Amanda Baker is known as Baker because she is friends with three other girls at school named Amanda. Set in the seventies, this follows Baker in her quest to escape her hostile, disapproving father and the values of the adult world and find validation and meaning in the determinedly unimpressed atmosphere of her friendship group. Not that it becomes clear Baker is engaged on anything so romantic and coherent as a quest until it fails; the Mandies drift apart and change into everybody else. Baker tentatively begins a friendship with Julia, the secretly subversive games captain. Again, we only realise how much hope Baker invested in the connection when it falls apart. The book is about the search for option and the acceptance of their absence.

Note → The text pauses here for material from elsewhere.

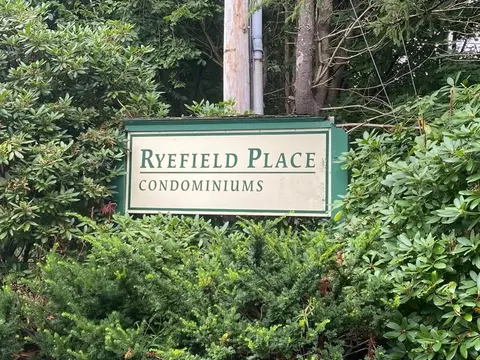 8 Longmeadow Dr #22, Rowley, MA 01969
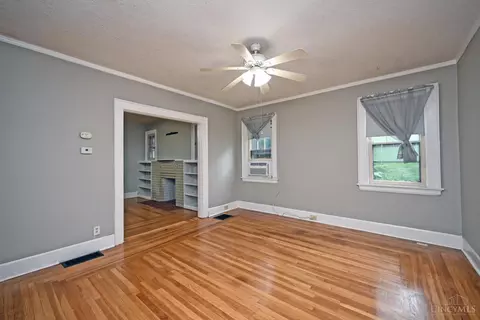 Living - 1205 Amanda Pl, Cincinnati, OH 45205 photo 5 of 6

A lot of the point of this book is in its specific atmosphere. Levene emphasises the particularity of the material world of the seventies. It’s almost a sensuousness, this attention to the environmental details shaping our experience. In a kind of contrast to any sensuousness, Levene writes with a keen, often unkind eye. Like her previous book A Vision of Loveliness, Levene portrays a female world where observation is cold and unkindly exact, and unforgiving judgement pervades. It’s not an environment in which Baker’s romanticism can fully form itself, let alone triumph in any way.
I think the Mandies could have been characterised a little more distinctly. Otherwise my biggest quibble is the anorexia which it becomes more and more clear Baker is suffering from, though it’s never directly addressed. Sure, she’s unhappy, but we’re never shown how that specifically maps onto the refusal to eat. It seems too much like a haphazard cherry on top. I felt the novel’s biggest strength was its bitterness of tone.